Recruitment will take place in Dunedin, New Zealand. Participants will be recruited through general practitioners and hospitals and newspaper advertisements. In previous studies, we have successfully recruited participants with these methods of recruitment. Participants will be screened by a physiotherapist with more than 5 years of clinical experience, and with a postgraduate qualification in Musculoskeletal or Sports Physiotherapy (or related field).

Informed consent and baseline assessment

Once participants are assessed for eligibility, a clinical researcher will seek informed consent from participants. Participants may consent to take part in the study after screening or few days later, if they request time for considering taking part in the study. Participants will be asked to complete the baseline assessments and questionnaires for recording demographic data (age, height, weight), and baseline measurements for the primary and secondary outcomes.
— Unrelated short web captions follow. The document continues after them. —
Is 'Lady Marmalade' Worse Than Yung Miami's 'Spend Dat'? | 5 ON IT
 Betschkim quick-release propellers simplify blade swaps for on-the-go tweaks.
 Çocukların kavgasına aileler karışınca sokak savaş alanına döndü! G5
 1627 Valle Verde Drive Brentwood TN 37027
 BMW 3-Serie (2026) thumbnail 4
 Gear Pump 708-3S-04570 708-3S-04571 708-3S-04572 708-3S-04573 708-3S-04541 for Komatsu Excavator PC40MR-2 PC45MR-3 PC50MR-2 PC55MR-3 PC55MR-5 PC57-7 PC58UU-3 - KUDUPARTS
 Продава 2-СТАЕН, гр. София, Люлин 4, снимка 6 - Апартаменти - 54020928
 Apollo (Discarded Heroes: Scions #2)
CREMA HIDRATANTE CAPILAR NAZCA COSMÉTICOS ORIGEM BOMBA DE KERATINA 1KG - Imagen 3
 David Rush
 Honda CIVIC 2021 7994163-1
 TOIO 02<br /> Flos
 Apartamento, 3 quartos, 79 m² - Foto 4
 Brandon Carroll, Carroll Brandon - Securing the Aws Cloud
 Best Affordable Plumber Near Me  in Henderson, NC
Participants will be individually randomly allocated (1:1 ratio) into one of the intervention groups (ie, tailored physiotherapy or standardised physiotherapy). The randomisation schedule will be computer-generated by a research administrator, and concealed in numbered sealed and opaque envelopes. A research administrator will provide the envelope to the clinician delivering the interventions.


Participants will be blinded to interventions. Outcome assessors will be blinded to group allocation. Clinicians delivering the interventions will not be blinded to group allocations due to nature of intervention.


Experienced clinicians will deliver interventions for both groups. Clinicians will have a postgraduate diploma in musculoskeletal rehabilitation (or related field) and a minimum of 5 years of clinical experience. Outcome measures will be assessed by a physiotherapist who is blinded to group allocation. We will run a minimum of four training sessions lasting for 1 hour with clinicians to ensure they are familiarised with the protocol. To ensure they are confident in delivering the planned interventions, we will provide them with manuals containing a detailed description of the planned intervention and will meet with them during the study to clarify any questions or concerns that may arise.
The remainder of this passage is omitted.